US President Donald Trump has said his country is “doing very well” in its negotiations with China and urged Beijing to reach a deal before the 2020 presidential elections.
He said that if a trade deal was still under discussion and he won the election, he would be “much tougher” with Beijing
In a series sent over the time the US stock markets opened, Trump also said the European Union treats the US “very unfairly on trade”.
Trump’s tweets did little to reassure investors who have sold stocks today after an escalation of the long-running US-China trade war at the weekend.
In the US shortly after the bell the Dow Jones industrial average index was 1.5 per cent lower, the Nasdaq was down 1.1 per cent and the S&P 500 was one per cent lower.
In Europe, France’s CAC 40 was 0.6 per cent lower, the pan-European Euronext was 0.6 per cent down and the German Dax was lower by 0.3 per cent.
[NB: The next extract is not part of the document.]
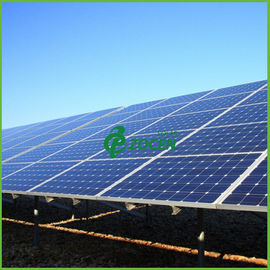 250W polikrystaliczne Panele fotowoltaiczne energetyka 22MW systemu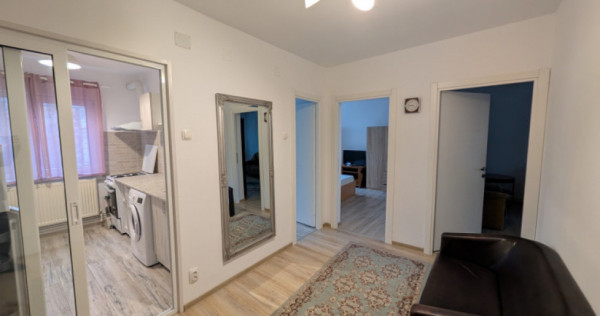 Apartament elegant de &icirc;nchiriat, zona centrala, etaj 2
Markets were also dragged down by the Brexit crisis in Britain. A tumbling pound, brought about by the heightened political uncertainty likely to end in a no-deal Brexit or a general election, could not lift the FTSE 100. It was 0.5 per cent lower this afternoon.
Trump tweeted: “We are doing very well in our negotiations with China. While I am sure they would love to be dealing with a new administration so they could continue their practice of “ripoff USA”($600 B/year),16 months PLUS is a long time to be hemorrhaging jobs and companies on a long-shot….”
“….And then, think what happens to China when I win. Deal would get MUCH TOUGHER! In the meantime, China’s Supply Chain will crumble and businesses, jobs and money will be gone!”
He then added: “For all of the “geniuses” out there, many who have been in other administrations and “taken to the cleaners” by China, that want me to get together with the EU and others to go after China Trade practices remember, the EU & all treat us VERY unfairly on Trade also. Will change!”
“Germany, and so many other countries, have negative interest rates, “they get paid for loaning money,” and our Federal Reserve fails to act! Remember, these are also our weak currency competitors!”
Trump has kept up unprecedented political pressure on the Fed to cut interest rates. At its meeting this month, analysts expect chair Jay Powell will lower rates by 25 basis points (0.25 percentage points) to insure against the intensifying trade war with China.